Pelo asfalto da cidade percorre a arrogância e a maldade, pelo chão de terra e poeira uma elegância nos pés da humildade.
Enquanto a cidade se esconde em muro e guarita, o sertão sai do escuro para a paisagem mais bonita. Enquanto um silencia, o outro encantado grita.
A mesa da cidade é sortida de porção e etiqueta, enquanto a mesa sertaneja de qualquer coisa é feita. Rejeita a taça e o talher, com a mão mesmo ela se ajeita.
Com cardápios, frios e entradas, sobremesa e iguarias, assim a cidade mata a fome. No sertão é diferente, pois o que tiver logo some, desde a perna de preá ao prato que não tem nome.
O café do sertanejo sai do fogão de lenha perfumando pelo ar. O que na cidade existe mal serve para tomar, pois não tem aquele aroma que faz o lábio enamorar.
O queijo de fazenda, a manteiga de quintal, o doce de leite, um sabor tão sertanejo. E o que se tem na cidade é a massa como queijo, manteiga que é um sobejo e doce sem mais desejo.
E vai a bela sertaneja com seu vestido de chita, mulher singela e tão bonita. Duvido que a da cidade, por mais que se encha de fita, tenha a beleza igual daquela que ao coração palpita.
E vai o menino sertanejo correndo no descampado, sem pressa para crescer, brincando por todo lugar. E cadê o da cidade, vivendo quase enjaulado, sem nem criança poder ser e sem bola de gude jogar?
E vai a mulher sertaneja estender a roupa no varal, aguar a planta, cantar sua canção de paz.

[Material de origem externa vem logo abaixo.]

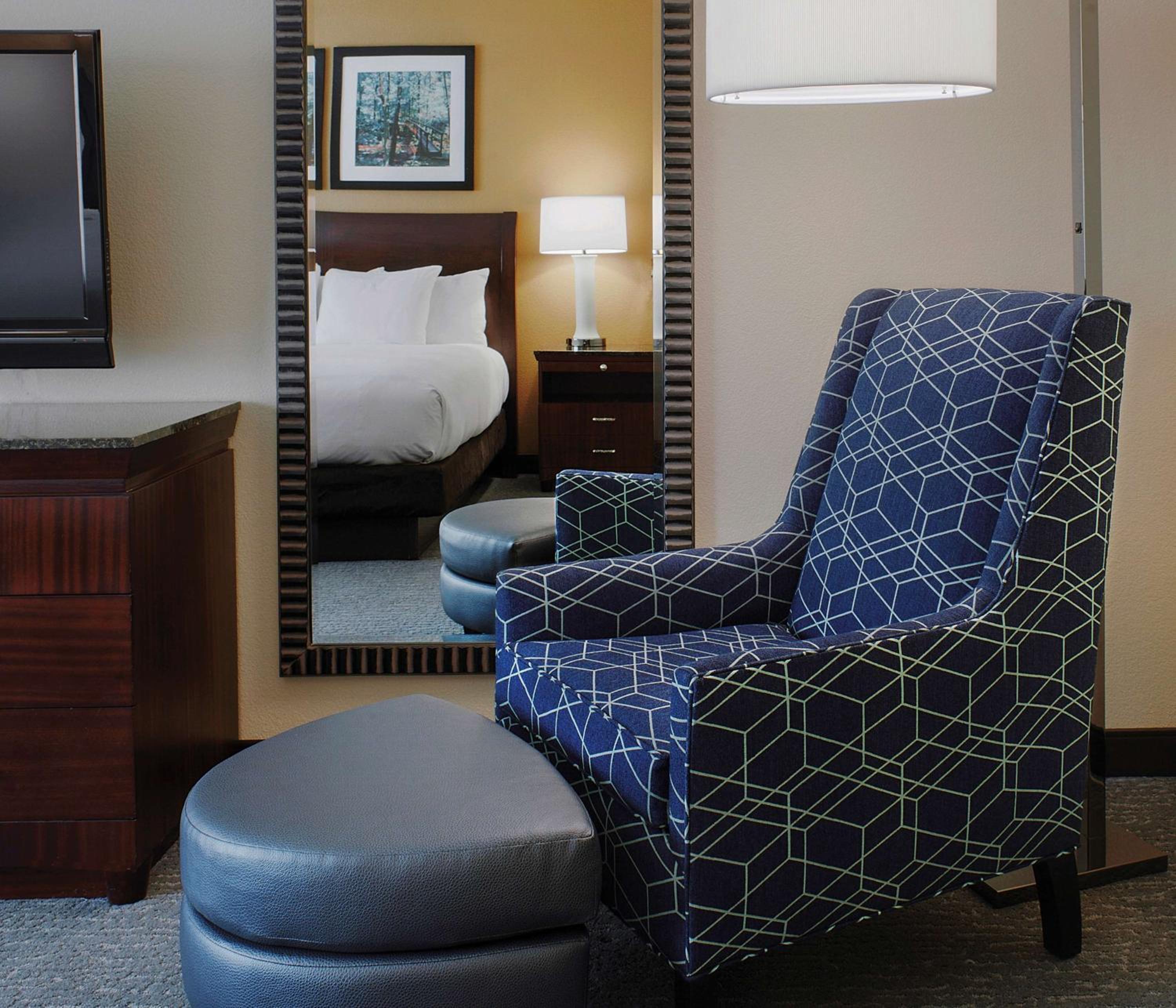 Two-Room King Suite with Sofa Bed - Photo 4
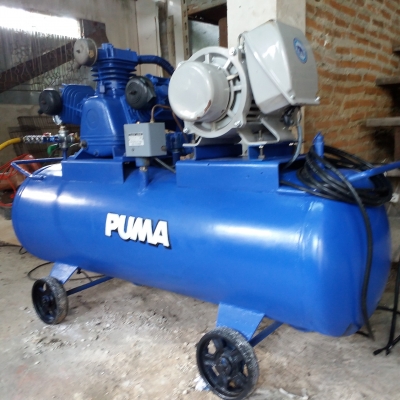 ขายปั๊มลม PUMA 3แรง3สูบ 2สายไฟบ้าน พร้อมใช้งาน อุปกรณ์ครบชุดสวยๆ ขายถูกมาก ด่วนๆT.081-4826961 ทักไลน์เบอร์นี้ "ไม่ค่อยได้ใช้ ขายปั๊มลม PUMA พิเศษมอเตอร์ 3 แรงม้า (2สาย ไฟ 220 โวล์ท ใช้ไฟบ้าน) 3สูบ ความจุถัง 148 ลิตร พร้อมใช้งาน อุปกรณ์ครบชุด สภาพสวยม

E cadê a da cidade, sem ao menos ter quintal, sem manhã que se levanta, no dia inteiro um tanto faz?
Sertão de lua, cidade de rua. Cidade de sol, sertão de arrebol. Sertão de paisagem, cidade miragem. Cidade de fogo e ferro, sertão de mugido e de berro. Sertão de rio e riacho, cidade que tudo procuro e nada acho.
Cidade tão desumana, sertão onde a paz ainda emana. Sertão de bom dia e boa tarde, cidade com olhar de maldade. Cidade que some ao virar a esquina, sertão onde o encontro é a sina. Sertão de cadeira na calçada, cidade de porta fechada.
O da cidade de terno engomado, o do sertão no seu ofício encourado. Doutor de caneta dourada, e o doutor da vida alimentando o mundo na enxada. Enquanto um não canta nem a alegria, o outro aboia contente a vida que a tudo irradia.
Noites sertanejas de mais terna poesia. Lua imensa que encanta e contagia. Brisa que sopra em suave melodia. Na cidade, toda noite é dia, triste retrato, medonha fotografia. Lua escondida em véu de melancolia.
Um é meu sertão, a outra é minha cidade. Conhecendo os dois na palma da mão, sei onde está meu coração e onde tenho de suportar a minha saudade.